India is a promising great power– 4th largest in the world today, registering the fastest GDP growth rates, with a burgeoning consumer market, a young population and a growing defence budget. India offers scale in manufacturing and skilled workers. India has already done a trade deal with the UK, and the EU does not want to be left behind
Meanwhile, for India, which is facing 50 per cent tariffs from the United States and political perils of an elusive trade deal, the EU, which is technically the second largest economy in the world, is an economic superpower on its own and therefore, a major opportunity. It is India’s largest trading partner, accounting for 17 per cent of India’s total exports. India has roughly a $20 billion trade surplus here, and there is extreme potential for a better deal.

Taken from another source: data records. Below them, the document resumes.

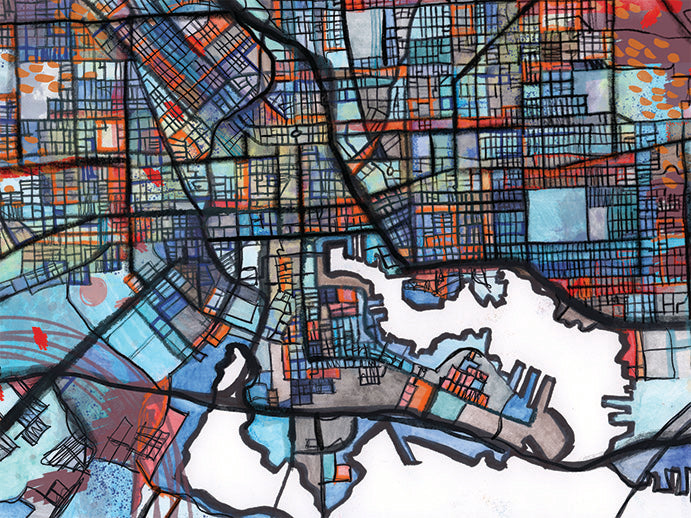 Baltimore, Maryland  #001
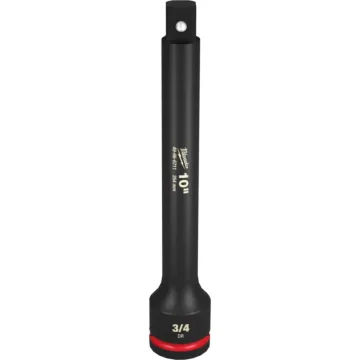 Milwaukee SHOCKWAVE™ Impact Duty 3/4" Drive 10" Extension
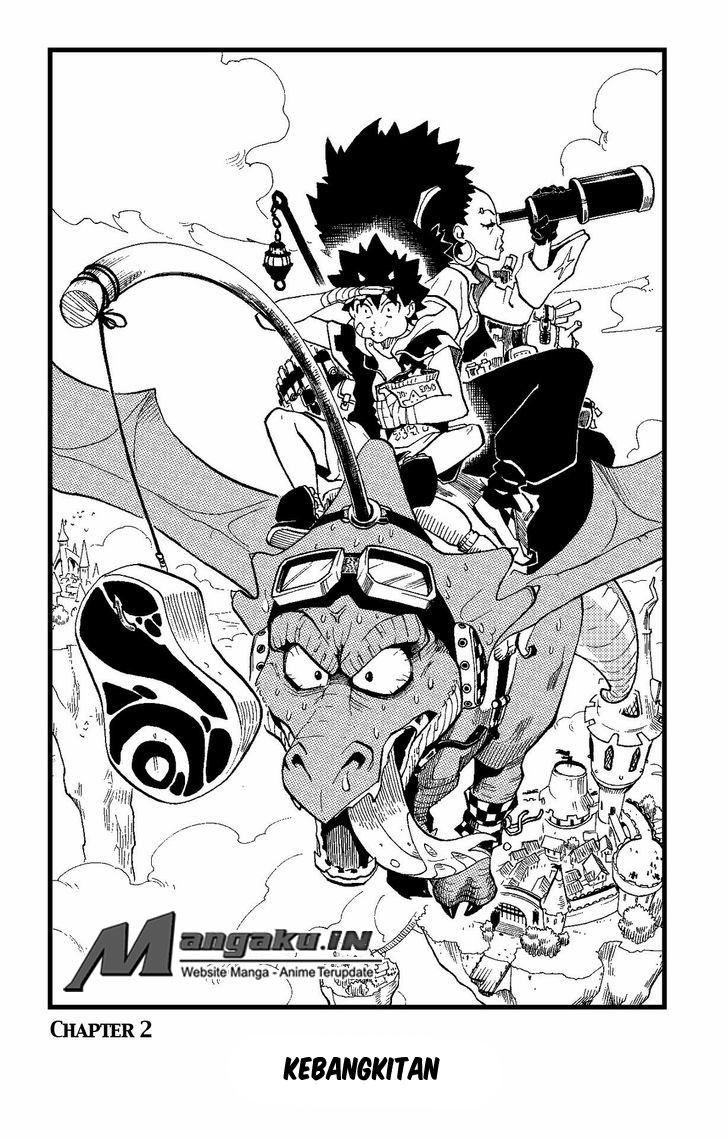 Baca Radiant Chapter 02 Gambar 2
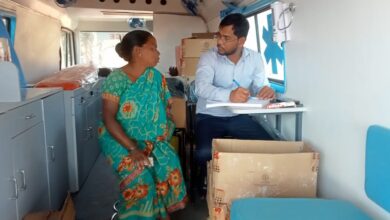 पीएम जनमन योजना से पीवीटीजी बस्तियों तक पहुंच रही स्वास्थ्य सेवाएं…. पीएम जनमन योजना से पीवीटीजी बस्तियों तक पहुंच रही स्वास्थ्य सेवाएं….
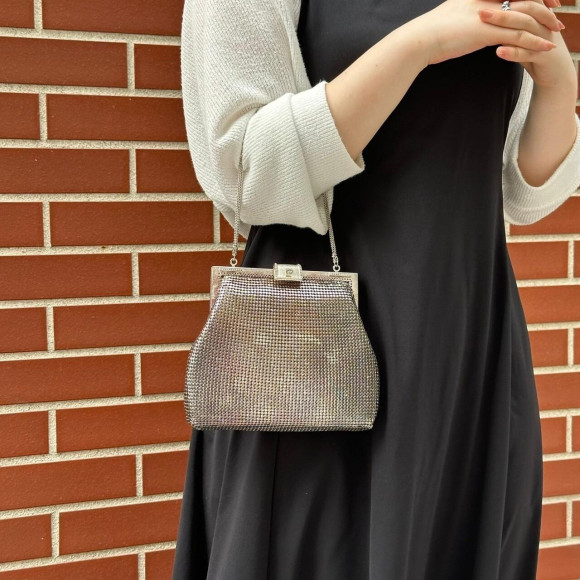 vintage pierre cardin〈ピエール・カルダン〉ショルダーバッグ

China is often cited as the reason Europe needs India and that is partly true. There’s no such deal between them, and the one they negotiated collapsed in five months in 2021 and has been in the freezer since then. But China dominates trade, with a surplus well over $300 billion favouring Beijing. Europe’s overdependence on China has exposed deep vulnerabilities, especially for Germany. But China is a structural problem; Trump is an immediate one. For Europe, India becomes attractive precisely because it is not America and not China.
India offers Europe diversification. And that is why Merz calls India a partner of choice. At a deeper level, Europe and India are converging on a shared worldview: that the future cannot belong to one power, one alliance, or one axis.
Macron’s calls to resist “spheres of influence” echo Jaishankar’s insistence on strategic autonomy.France’s flirtations forums like BRICS, once dismissed as peripheral, reflects a recognition that global power is dispersing, not consolidating.
India’s leadership role in the Global South, its presidency of major multilateral forums, and its ability to engage Washington, Moscow, Beijing and Brussels without becoming captive to any of them, is increasingly attractive to a Europe seeking relevance in a post-American-centric order.
Can Europe learn to live with India’s strategic autonomy? That’s an ongoing debate. There are differences, mainly on Russia, Ukraine, energy sourcing, and regulation. But under Trump’s shadow, these differences are being managed, not magnified. The question now is, will this alignment grow and outlast Trump?
By making a deal, both India and Europe elevate their negotiating powers. Europe needs it to cap vulnerability against the US and China, while providing a boost to its economy. Meanwhile, India seeks to increase capability — not merely to sell more goods, but to upgrade its economic architecture by pulling in European capital, technology, standards, forcing domestic firms to move up the value chain, improving competitiveness in high-regulation markets, and converting trade access into industrial strength.
All in all, the EU–India free trade deal is set to come to fruition with Trump’s aggression playing the catalyst. But China remains the long-term backdrop in this scheme. And India, increasingly, is Europe’s safe bet in an unsafe world.